_Task instructions_
Exactly the lines from the one holding "Comfy Brand Oversized" to the end of the listing, both ends included, make up the expected answer.

_Input material_

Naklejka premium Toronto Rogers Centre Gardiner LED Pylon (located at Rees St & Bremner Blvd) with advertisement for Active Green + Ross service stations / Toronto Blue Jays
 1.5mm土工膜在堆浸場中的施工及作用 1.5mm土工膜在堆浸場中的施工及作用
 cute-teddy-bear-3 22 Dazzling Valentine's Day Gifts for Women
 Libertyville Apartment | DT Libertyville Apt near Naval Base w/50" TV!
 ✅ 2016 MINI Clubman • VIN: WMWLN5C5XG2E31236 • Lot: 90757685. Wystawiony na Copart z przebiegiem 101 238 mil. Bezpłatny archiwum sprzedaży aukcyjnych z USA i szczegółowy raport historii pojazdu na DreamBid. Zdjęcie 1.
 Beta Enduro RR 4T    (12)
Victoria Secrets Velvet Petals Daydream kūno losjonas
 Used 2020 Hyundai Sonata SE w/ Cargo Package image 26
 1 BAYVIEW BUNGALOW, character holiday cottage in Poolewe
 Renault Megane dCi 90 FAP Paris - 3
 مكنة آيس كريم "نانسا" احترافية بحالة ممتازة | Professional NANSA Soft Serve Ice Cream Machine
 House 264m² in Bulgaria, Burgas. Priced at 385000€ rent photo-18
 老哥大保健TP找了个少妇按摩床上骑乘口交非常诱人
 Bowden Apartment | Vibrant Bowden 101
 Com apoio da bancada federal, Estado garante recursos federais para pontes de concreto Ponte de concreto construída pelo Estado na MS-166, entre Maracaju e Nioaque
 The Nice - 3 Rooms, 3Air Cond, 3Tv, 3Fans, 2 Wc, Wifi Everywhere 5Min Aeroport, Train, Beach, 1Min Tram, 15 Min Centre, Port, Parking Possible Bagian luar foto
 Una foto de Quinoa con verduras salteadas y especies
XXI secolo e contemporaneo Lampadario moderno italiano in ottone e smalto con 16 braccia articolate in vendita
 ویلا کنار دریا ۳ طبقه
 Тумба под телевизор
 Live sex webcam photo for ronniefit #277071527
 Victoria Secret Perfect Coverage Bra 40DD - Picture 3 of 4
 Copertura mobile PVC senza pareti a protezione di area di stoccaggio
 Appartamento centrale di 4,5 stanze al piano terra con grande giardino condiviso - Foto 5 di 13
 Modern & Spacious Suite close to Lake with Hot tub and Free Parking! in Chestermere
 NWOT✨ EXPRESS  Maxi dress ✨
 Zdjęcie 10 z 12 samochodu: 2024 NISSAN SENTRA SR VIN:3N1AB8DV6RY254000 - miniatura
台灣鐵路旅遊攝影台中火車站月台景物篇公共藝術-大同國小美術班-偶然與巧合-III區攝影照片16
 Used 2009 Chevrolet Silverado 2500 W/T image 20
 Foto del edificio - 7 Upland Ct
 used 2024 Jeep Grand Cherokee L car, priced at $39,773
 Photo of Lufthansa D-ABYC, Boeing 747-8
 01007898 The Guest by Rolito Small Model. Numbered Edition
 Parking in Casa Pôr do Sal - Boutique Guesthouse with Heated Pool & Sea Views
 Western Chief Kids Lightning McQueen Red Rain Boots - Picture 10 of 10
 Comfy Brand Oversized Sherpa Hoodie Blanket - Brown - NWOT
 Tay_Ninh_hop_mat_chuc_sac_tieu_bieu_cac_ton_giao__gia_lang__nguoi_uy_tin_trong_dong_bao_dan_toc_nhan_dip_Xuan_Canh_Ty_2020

_Expected answer_
 Comfy Brand Oversized Sherpa Hoodie Blanket - Brown - NWOT
 Tay_Ninh_hop_mat_chuc_sac_tieu_bieu_cac_ton_giao__gia_lang__nguoi_uy_tin_trong_dong_bao_dan_toc_nhan_dip_Xuan_Canh_Ty_2020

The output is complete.